▶ REQUIREMENT
Reproduce the entries exactly, but keep the pictures out of the copy.

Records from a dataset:
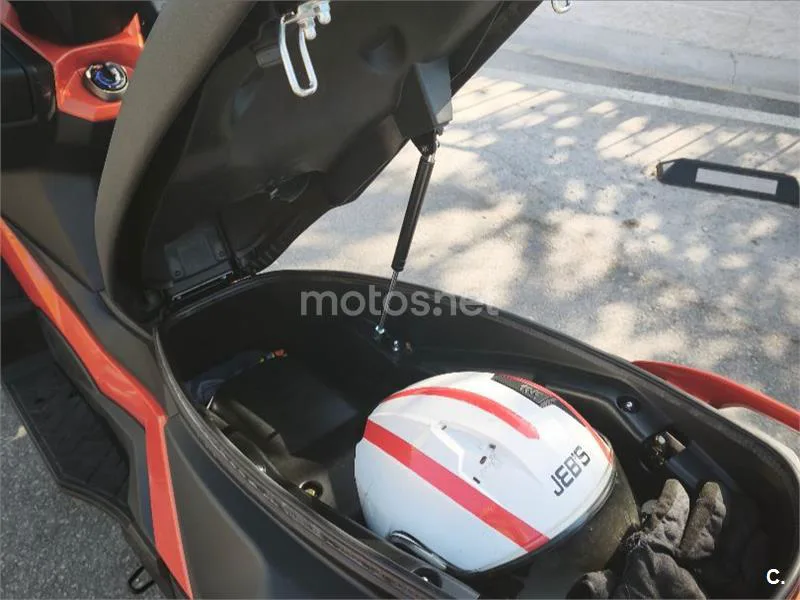 Kymco DTX 125 - Vista 9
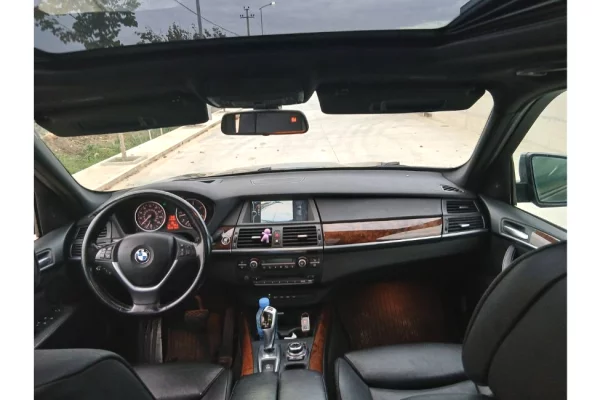 Makina ne shitje ne Durres - 8,999 Euro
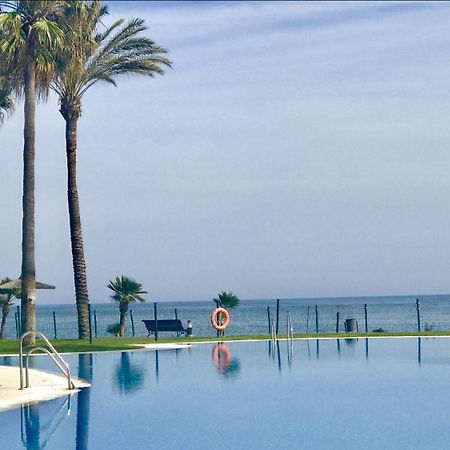 Mi Capricho Beachfront- 9D Apartment With Sea Views - Costa Del Sol Ла Кала де Михас Екстериор снимка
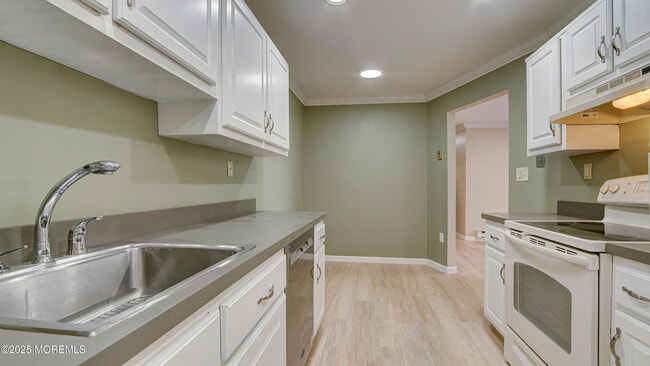 30 Meadow Green Cir in Englishtown, NJ - Building Photo - Building Photo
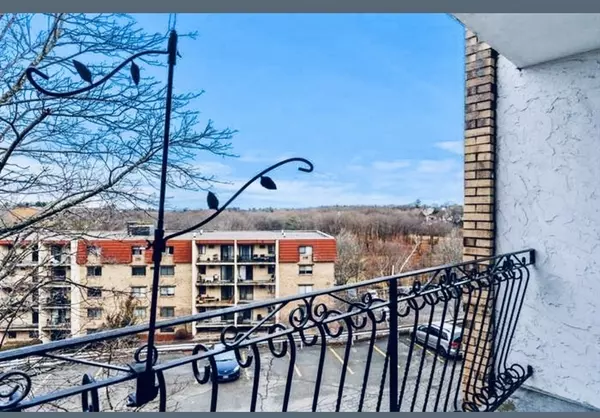 Stoneham, MA 02180,159 Franklin Street #C2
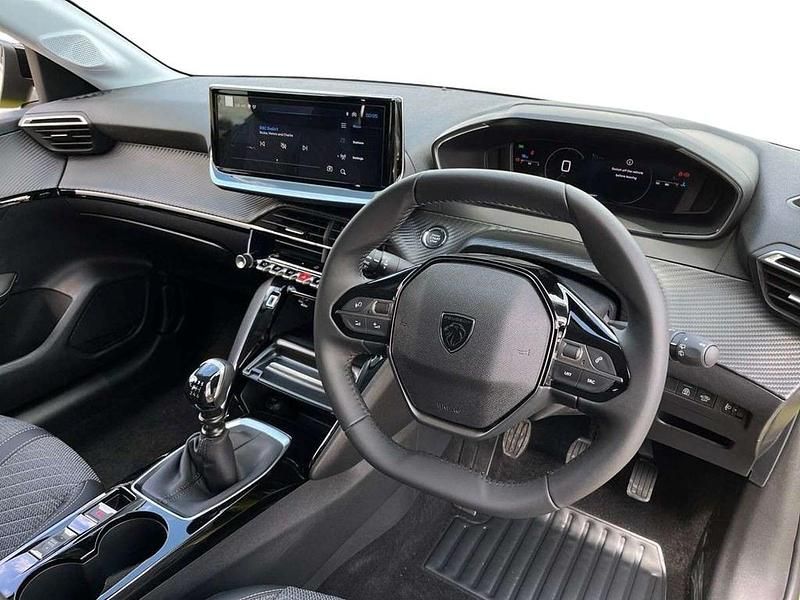 New Peugeot 208 Allure 99 HP (72 kW) 2025 Yellow Hatchback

▶ ANSWER SECTION
 Kymco DTX 125 - Vista 9
 Makina ne shitje ne Durres - 8,999 Euro
 Mi Capricho Beachfront- 9D Apartment With Sea Views - Costa Del Sol Ла Кала де Михас Екстериор снимка
 30 Meadow Green Cir in Englishtown, NJ - Building Photo - Building Photo
 Stoneham, MA 02180,159 Franklin Street #C2
 New Peugeot 208 Allure 99 HP (72 kW) 2025 Yellow Hatchback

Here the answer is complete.